ModelBackendMeta

class ModelBackendMeta(ABCMeta):

Metaclass that automatically preprocesses messages in run method.

Automatically wraps the run method of any class inheriting from BaseModelBackend to preprocess messages (remove <think> tags) before they are sent to the model.

new

def __new__(
    mcs,
    name,
    bases,
    namespace
):

Wraps run method with preprocessing if it exists in the class.

BaseModelBackend

class BaseModelBackend(ABC):

Base class for different model backends. It may be OpenAI API, a local LLM, a stub for unit tests, etc.

Parameters:

  • model_type (Union[ModelType, str]): Model for which a backend is created.
  • model_config_dict (Optional[Dict[str, Any]], optional): A config dictionary. (default: :obj:{})
  • api_key (Optional[str], optional): The API key for authenticating with the model service. (default: :obj:None)
  • url (Optional[str], optional): The url to the model service. (default: :obj:None)
  • token_counter (Optional[BaseTokenCounter], optional): Token counter to use for the model. If not provided, :obj:OpenAITokenCounter will be used. (default: :obj:None)
  • timeout (Optional[float], optional): The timeout value in seconds for API calls. (default: :obj:None)

init

def __init__(
    self,
    model_type: Union[ModelType, str],
    model_config_dict: Optional[Dict[str, Any]] = None,
    api_key: Optional[str] = None,
    url: Optional[str] = None,
    token_counter: Optional[BaseTokenCounter] = None,
    timeout: Optional[float] = None
):

token_counter

def token_counter(self):

Returns:

BaseTokenCounter: The token counter following the model’s tokenization style.

preprocess_messages

def preprocess_messages(self, messages: List[OpenAIMessage]):

Preprocess messages before sending to model API. Removes thinking content from assistant and user messages.
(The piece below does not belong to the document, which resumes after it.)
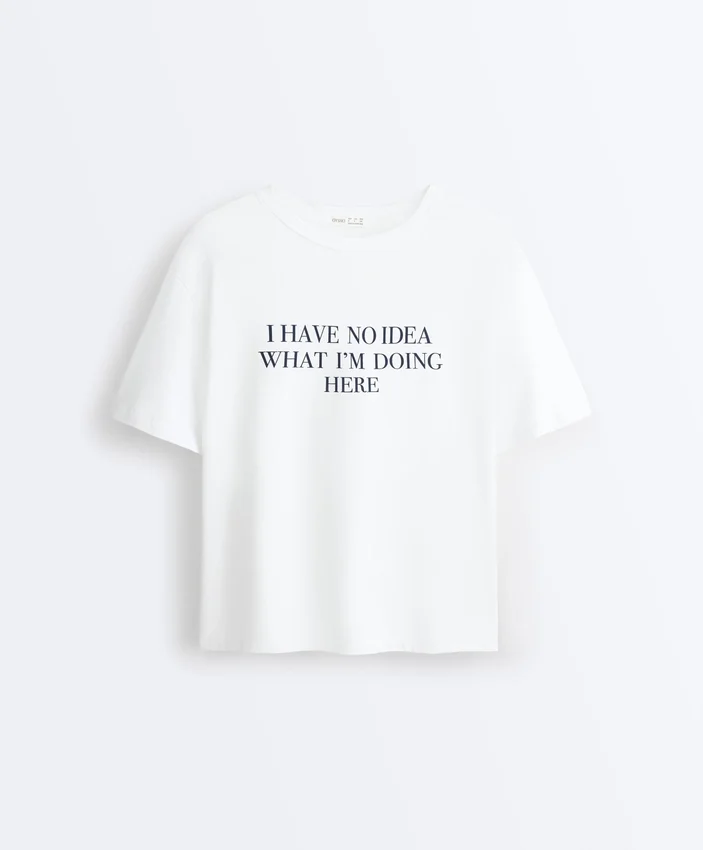 T-shirt larga de manga curta em mistura de algodão com slogan T-shirt larga de manga curta em mistura de algodão com slogan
Automatically formats messages for parallel tool calls if tools are detected.

Parameters:

  • messages (List[OpenAIMessage]): Original messages.

Returns:

List[OpenAIMessage]: Preprocessed messages

_run

def _run(
    self,
    messages: List[OpenAIMessage],
    response_format: Optional[Type[BaseModel]] = None,
    tools: Optional[List[Dict[str, Any]]] = None
):

run

def run(
    self,
    messages: List[OpenAIMessage],
    response_format: Optional[Type[BaseModel]] = None,
    tools: Optional[List[Dict[str, Any]]] = None
):

Runs the query to the backend model.

Parameters:

  • messages (List[OpenAIMessage]): Message list with the chat history in OpenAI API format.
  • response_format (Optional[Type[BaseModel]]): The response format to use for the model. (default: :obj:None)
  • tools (Optional[List[Tool]]): The schema of tools to use for the model for this request. Will override the tools specified in the model configuration (but not change the configuration). (default: :obj:None)

Returns:

Union[ChatCompletion, Stream[ChatCompletionChunk]]: ChatCompletion in the non-stream mode, or Stream[ChatCompletionChunk] in the stream mode.

check_model_config

def check_model_config(self):

count_tokens_from_messages

def count_tokens_from_messages(self, messages: List[OpenAIMessage]):

Count the number of tokens in the messages using the specific tokenizer.

Parameters:

  • messages (List[Dict]): message list with the chat history in OpenAI API format.

Returns:

int: Number of tokens in the messages.

_to_chat_completion

def _to_chat_completion(self, response: ParsedChatCompletion):

token_limit

def token_limit(self):

Returns:

int: The maximum token limit for the given model.

stream

def stream(self):

Returns:

bool: Whether the model is in stream mode.